The disadvantages of filing a 103 divorce is that your legal status remains “married” pending the final divorce. Unless parties take some legal action to terminate the community, there still may be some responsibility for each other’s debts during the required six month or one year physical separation.
Parties can file a 102 divorce immediately, without first living separate and apart. However, they must wait 180 days (without kids) and 365 days (if they have children) before the divorce can be finalized. If there are children of the marriage, a hearing will be set several weeks after the petition of divorce to work out child support and custody/visitation, unless the parties reach an agreement. If no agreement is reached the parties are required to attend a mandatory session with the court appointed hearing officer who will make recommendations on how the case should be resolved. Unless the parties formally contest the hearing officers findings within 5 days, they become the final judgment of the Court. If the judgment is contested, than the parties may be ordered to mediation before proceeding to a hearing with the Judge.

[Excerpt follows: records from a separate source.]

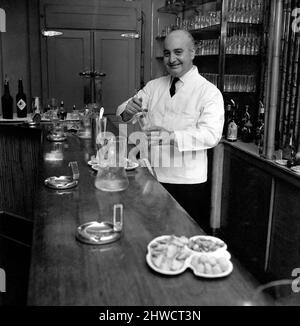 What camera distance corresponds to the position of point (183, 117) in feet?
10.4

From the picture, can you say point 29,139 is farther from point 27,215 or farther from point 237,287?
point 237,287

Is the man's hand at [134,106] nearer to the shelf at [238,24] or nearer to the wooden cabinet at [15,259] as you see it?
the wooden cabinet at [15,259]

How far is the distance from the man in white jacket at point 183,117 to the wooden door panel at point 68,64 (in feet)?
9.74

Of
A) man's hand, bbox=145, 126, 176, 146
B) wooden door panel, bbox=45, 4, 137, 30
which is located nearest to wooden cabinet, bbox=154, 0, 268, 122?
man's hand, bbox=145, 126, 176, 146

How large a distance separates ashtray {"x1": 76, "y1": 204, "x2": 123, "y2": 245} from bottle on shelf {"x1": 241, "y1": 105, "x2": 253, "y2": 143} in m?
2.61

It is possible to file either type of divorce and avoid going to Court all together. If you and your spouse want to avoid a long, public and expensive and litigated divorce process in Court, choose attorneys who will facilitate agreements on custody, child support, and property while protecting your interests and who use mediation as a tool to resolve issues that create an impasse between the parties instead of rushing to Court at every turn. The divorce process is never easy, but it can be a time of transition where you and your spouse work together to create a post-marital and co-parenting relationship, instead of destroying your finances and future relationship by attacking each other adversarially and publicly in Court.